EXERCISE DESCRIPTION:
Without copying any pictures, restate exactly the lines from the start of the records through the line containing "4 bed, 4.5 bath, 3278".

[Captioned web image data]
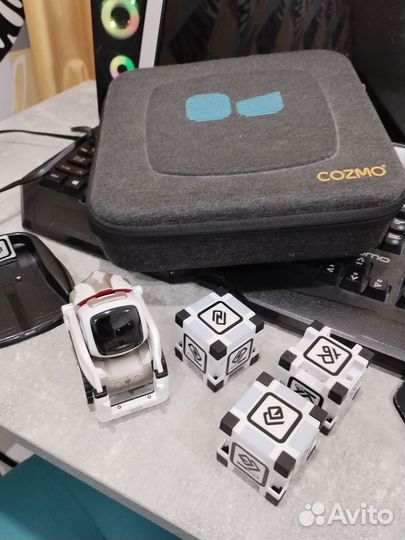 Продам робота Cozmo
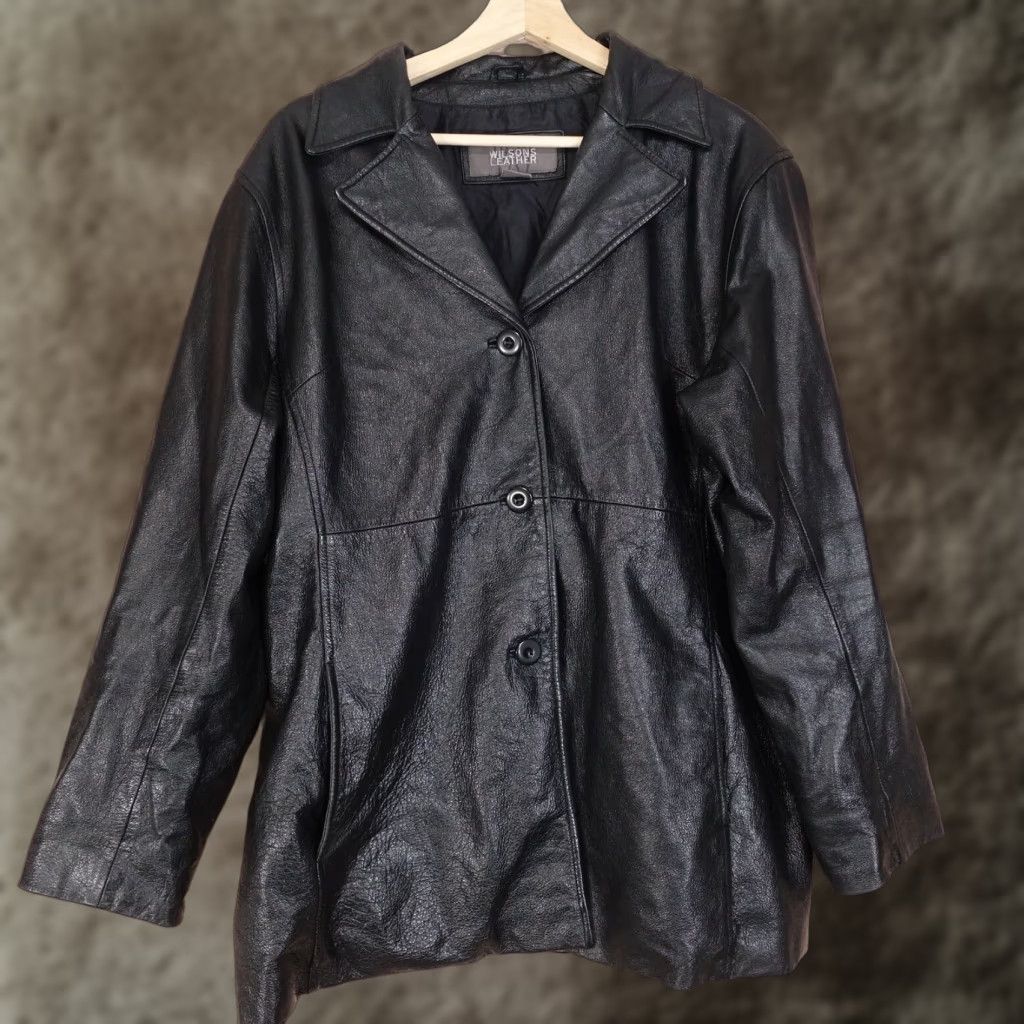 Vintage VINTAGE Wilsons Leather Women's Leather Button-Up Coat XL Black Casual 100% Leather Size XL / US 12-14 / IT 48-50 - 1 Thumbnail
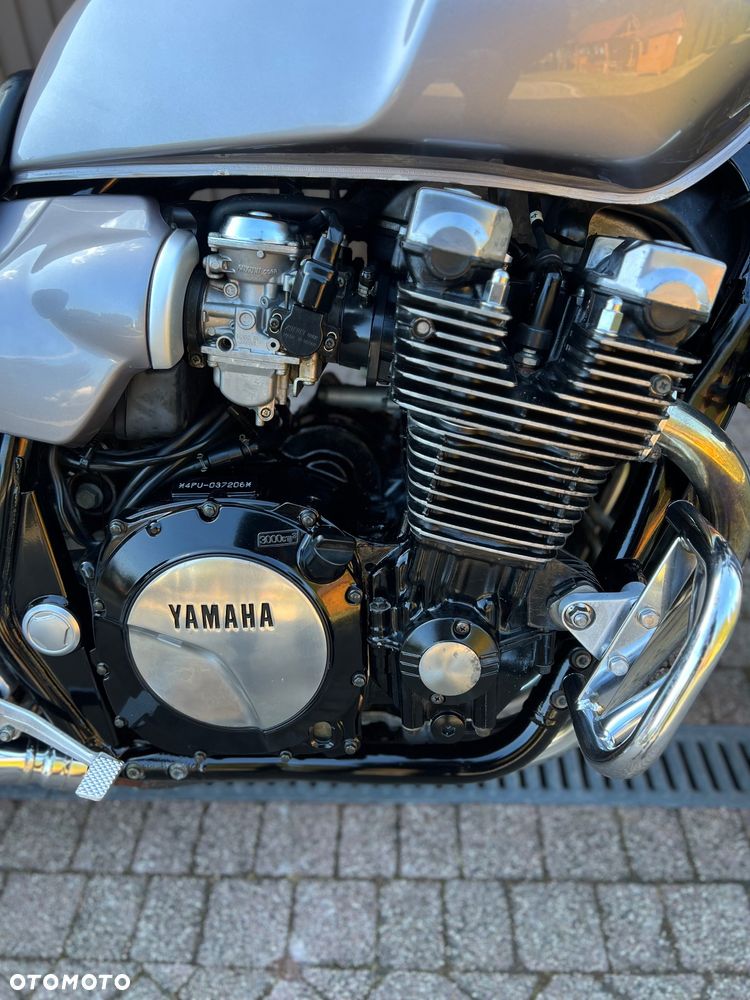 Yamaha XJR - 4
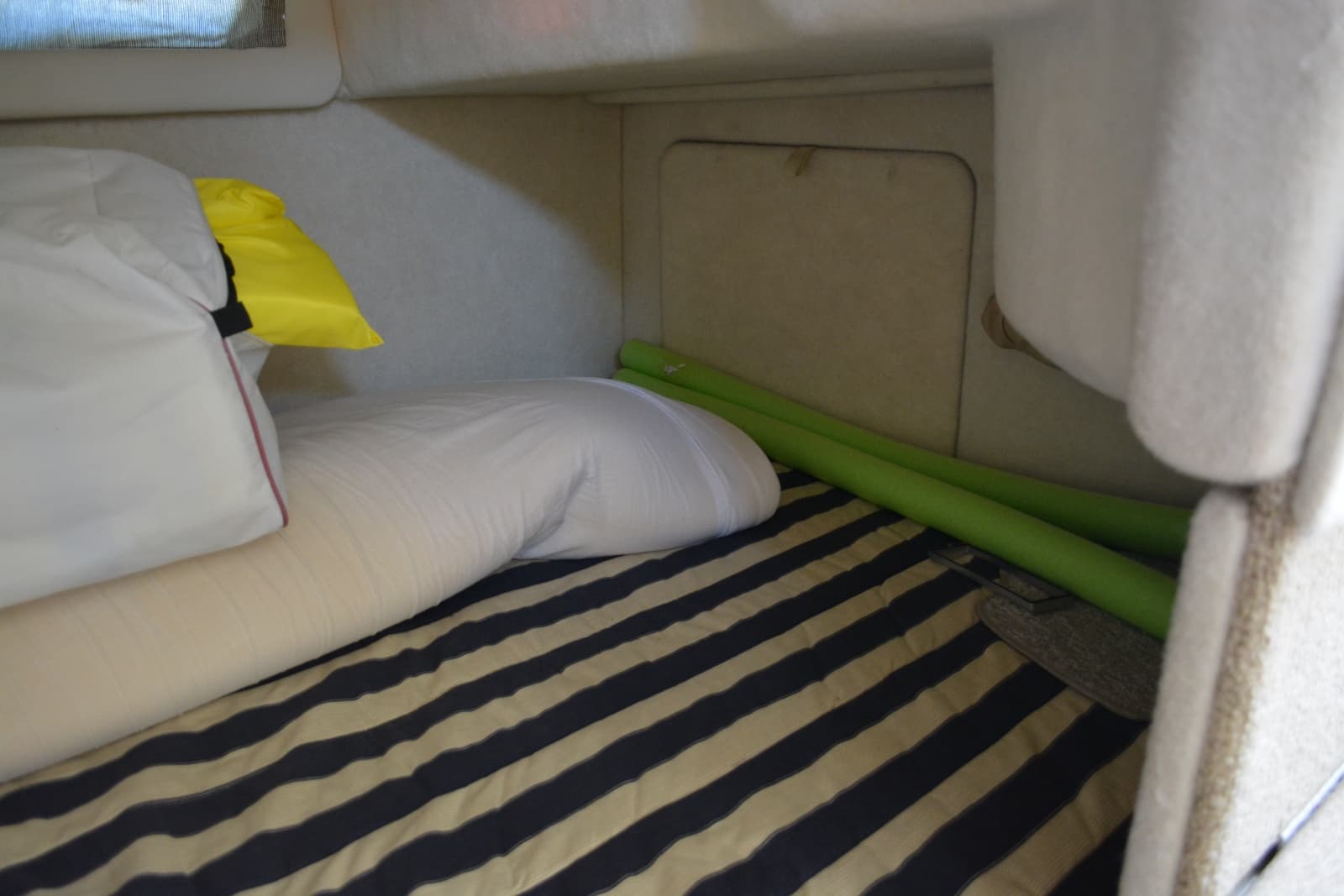 2004 Bayliner 305 - Photo 26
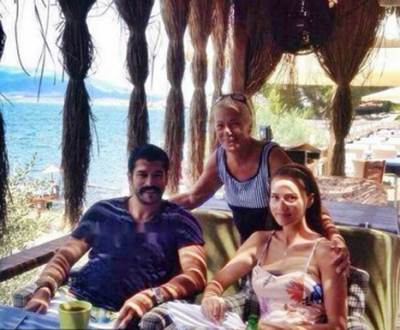 صور التركي مأمون أوغلو وحبيبته الجديدة في رحلة بحرية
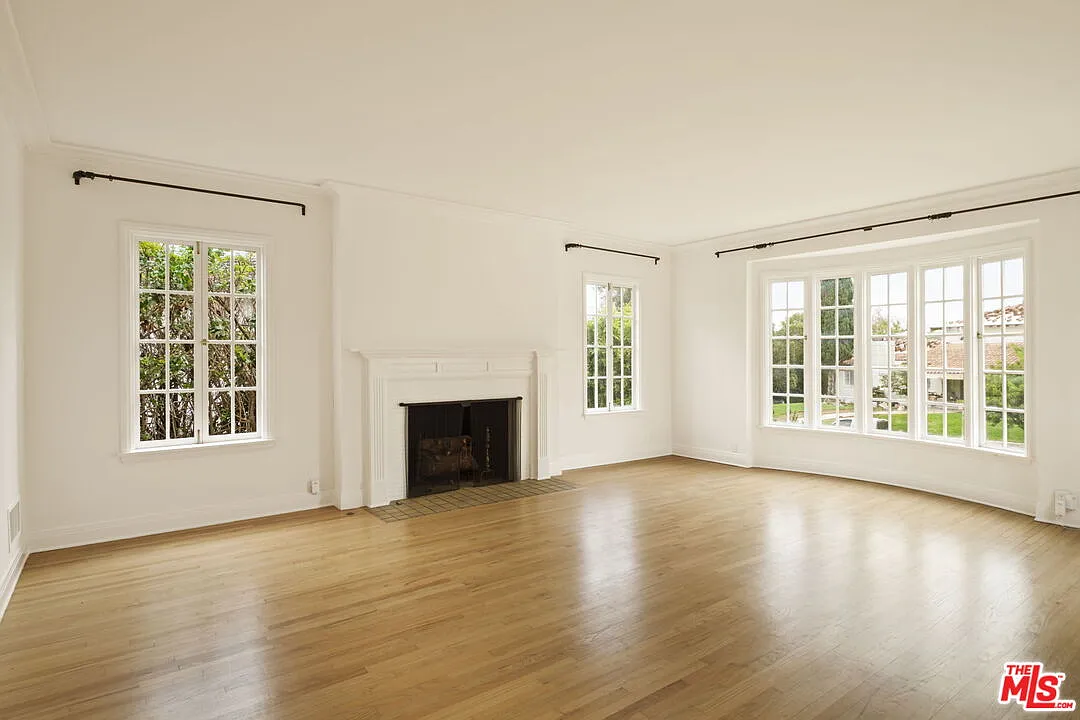 4 bed, 4.5 bath, 3278 sqft, $15,000 — Photo 4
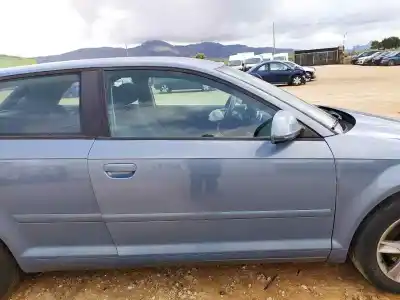 Автозапчастина б/у передні праві двері для audi a3 (8p) attration посилання на oem iam 8p3831052d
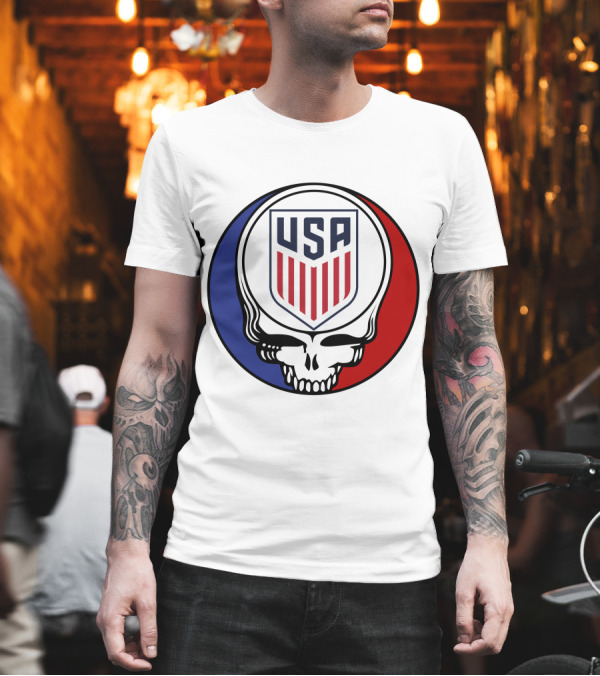 USA Soccer Grateful Dead Skull Logo Red Blue Badge T-Shirt USA Soccer Grateful Dead Skull Logo Red Blue Badge T-Shirt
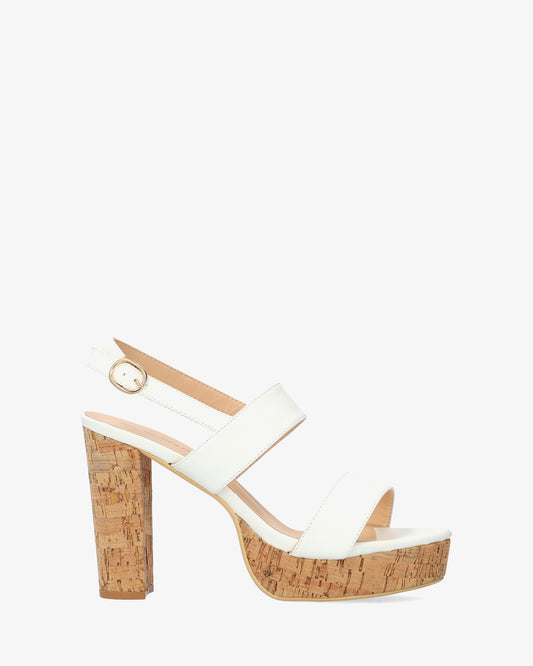 Sandalia en soft blanco con tacón alto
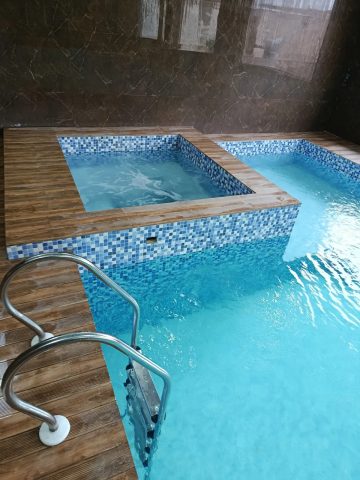 استخردار آبگرم آیهان با جکوزی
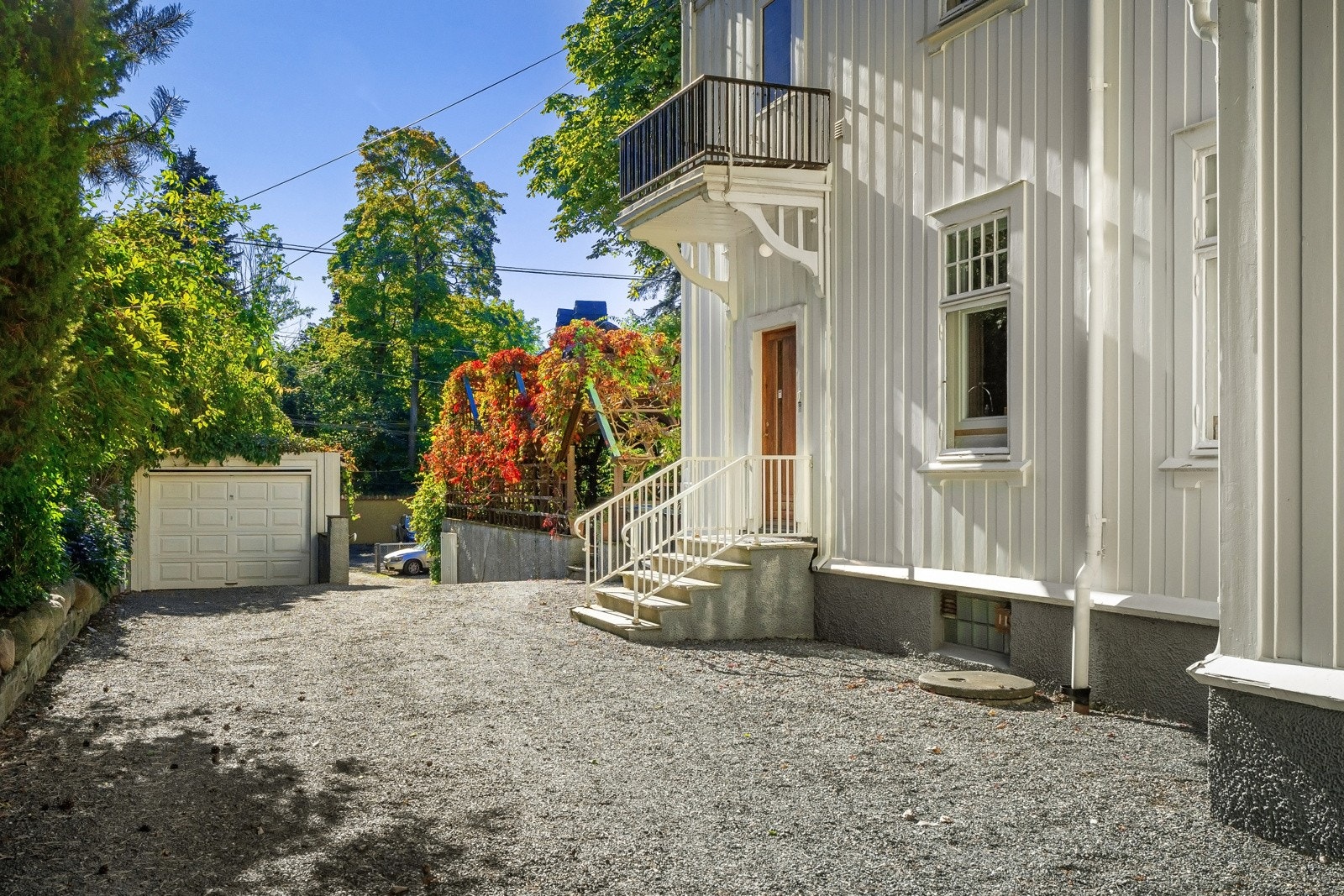 Det er parkering i to garasjer fra rundt 1915; en ved gårdsplassen og en med adkomst fra Fredriksborgveien. Galleribilde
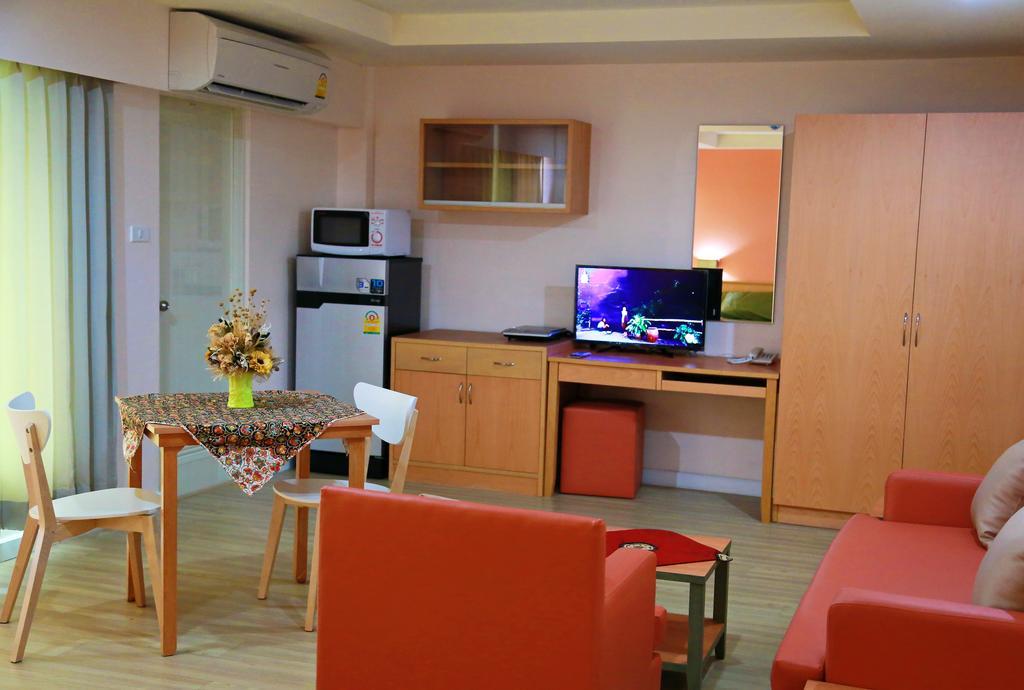 Sasi Place Apartment *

WRITTEN SOLUTION:
 Продам робота Cozmo
 Vintage VINTAGE Wilsons Leather Women's Leather Button-Up Coat XL Black Casual 100% Leather Size XL / US 12-14 / IT 48-50 - 1 Thumbnail
 Yamaha XJR - 4
 2004 Bayliner 305 - Photo 26
 صور التركي مأمون أوغلو وحبيبته الجديدة في رحلة بحرية
 4 bed, 4.5 bath, 3278 sqft, $15,000 — Photo 4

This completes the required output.